In the midst of efforts to retrieve some $5 million which Ghana Airways believes was overcharged on the $55 million, the airline's Deputy Head of Finance, David Nortey, who was mandated and leading efforts to claim $5 million from KBC Bank NV has been directed to stop. A complaint the airline sent to the some regulatory agencies, notably the UK's Department of Trade and Industry, the UK Department for International Development, the Belgium Federal Public Service and the UK's Financial Services Authority which draws attention to the asphyxiating terms and conditions of the loan facility and the ridiculous has had to be withdrawn at the insurance of the airline's Acting CEO, Mrs Akua Frimpongmaa Sarpong. A directive which has set tongues wagging.

Sorties into the White Avenue offices of Ghana Airways yielded information that at least one board member of Ghana Airways is closely linked to the KBC racket hence the decision to abort attempts claim any money from KBC. The complaint against KBC, which is in our possession, raises issue with various charges slapped on Ghanair on the KBC facility.

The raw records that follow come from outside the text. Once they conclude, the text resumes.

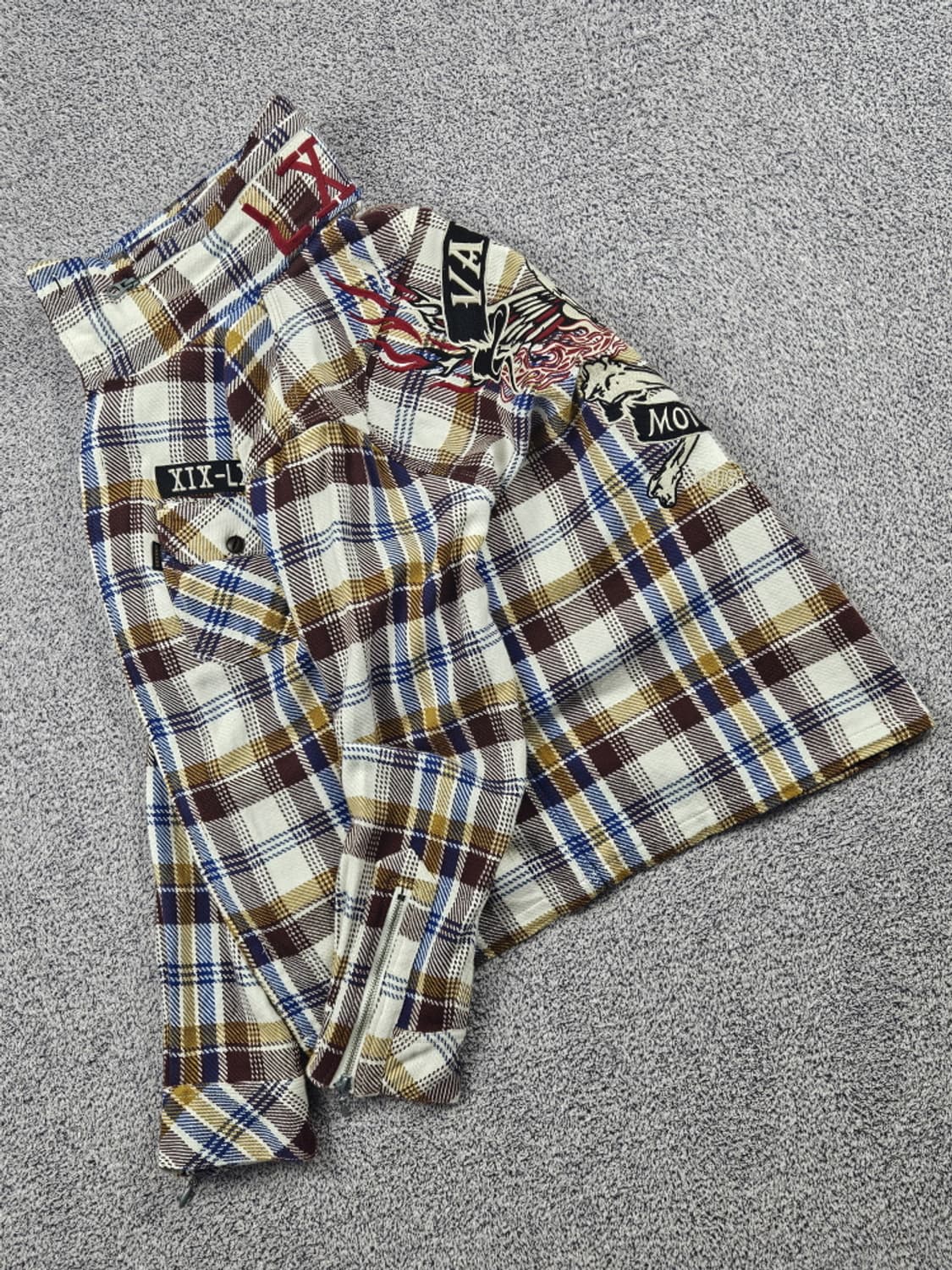 밴슨 볼륨넥 윙휠 플란넬 체크 셔츠 자켓 ( L ) / 10064 상품이미지4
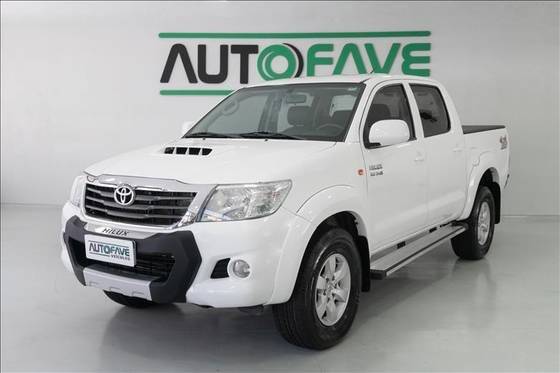 TOYOTA HILUX 2013
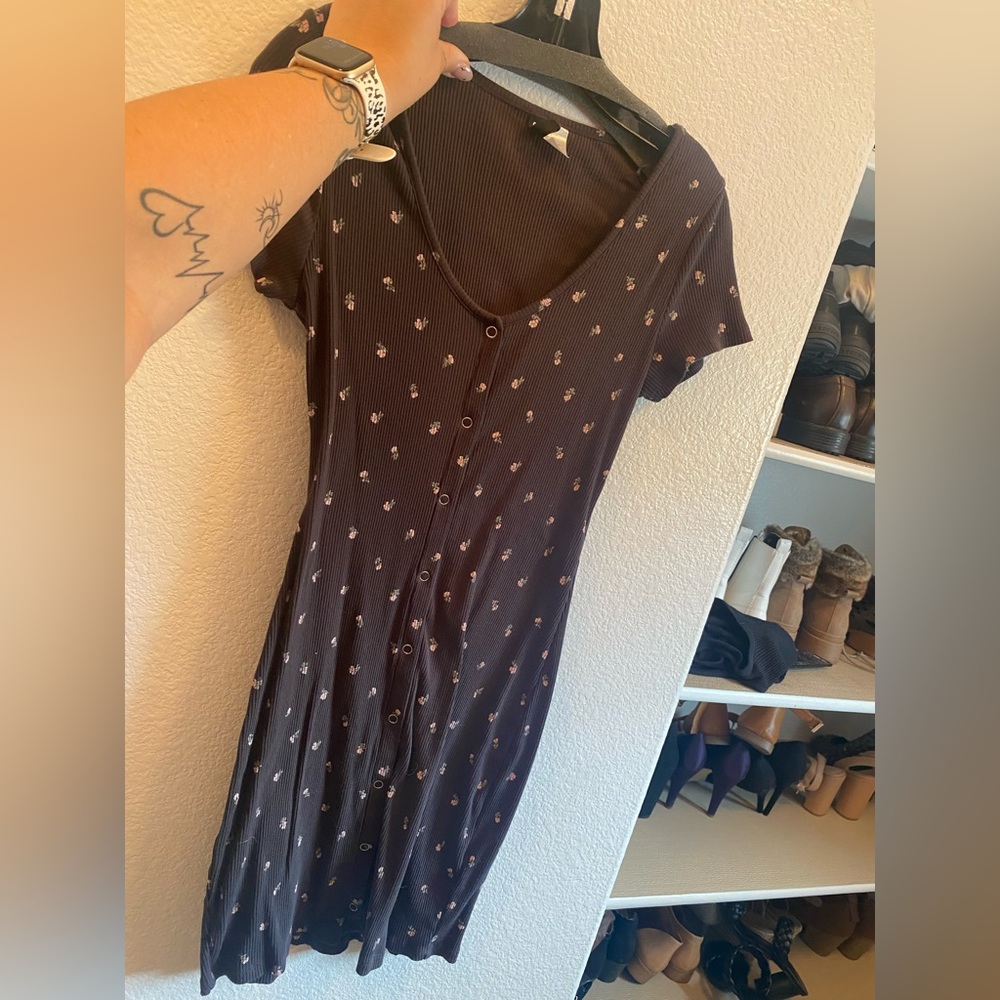 Button down bodycon dress - size M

On the $2.5 million tranche of the $55 million loan facility which was obtained March 2001, for example, the Ghana airways complaint states thus “KBC is also yet to supply Ghana Airways with all other loan expense debits to our Collection Bank Account. On the additional US$2.5 million loan in March 2001 for example, KBC debited Ghana Airways Collection Bank Account with a round sum of GBP25,000 (USD 36,375) and described it as 'Out of Pocket Expenses.' That was on top of the USD700,000 in loan fees, USD 100,000 in Management Fees and USD 165,000 in Legal Fees (all paid at source from the USD 2.5m). Ghana Airways staff were already provided fro in terms of per diem, hotel and all other travelling expenses.

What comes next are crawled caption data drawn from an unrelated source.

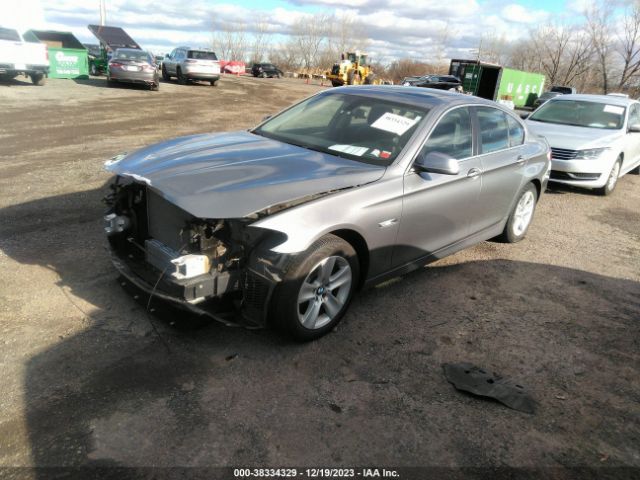 Photo 1 VIN: WBAXH5C51DD114404 - BMW 528I 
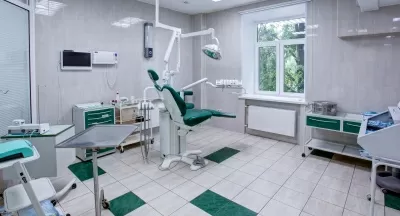 Поликлиника на улице Строителей, на метро Университет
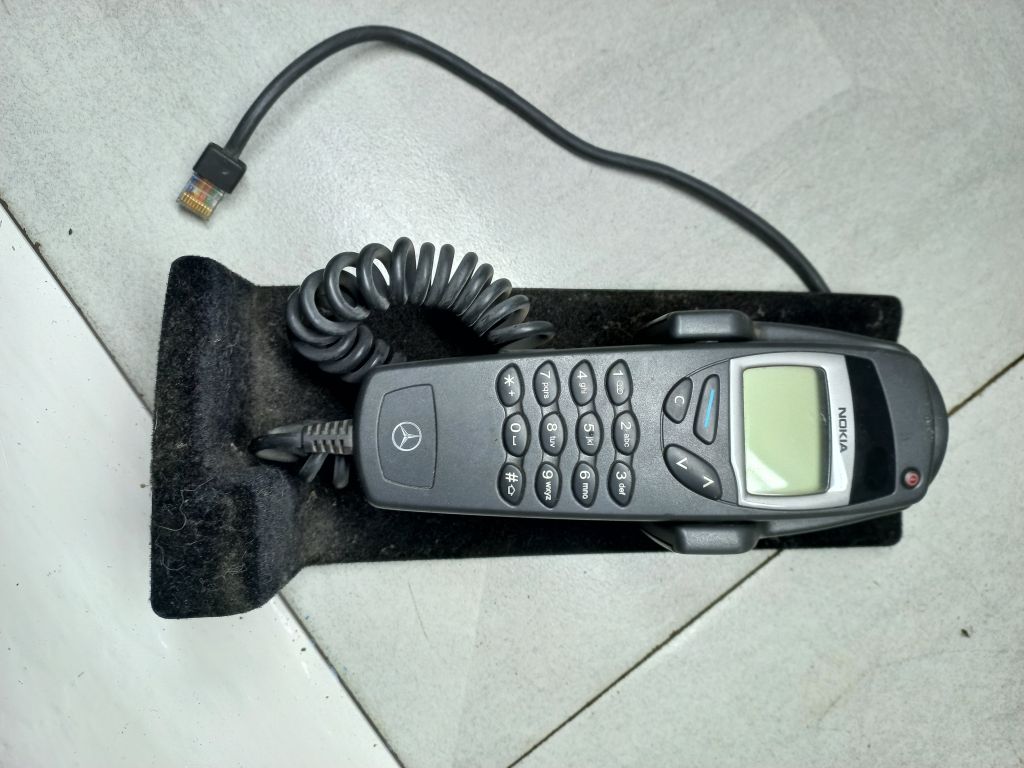 Телефон Mercedes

Ghana Airways therefore sees this GP25,000 debit as KBC's charge for Ghana Airways staff having consumed KBC's tea and coffee during that London visit. KBC was able to do that simply because it controlled Ghana Airways' collection Bank Account and cold pay itself at will and with whatever amount and without any invoice simply by debiting the said Bank Account. This is a clear case of breach of trust.”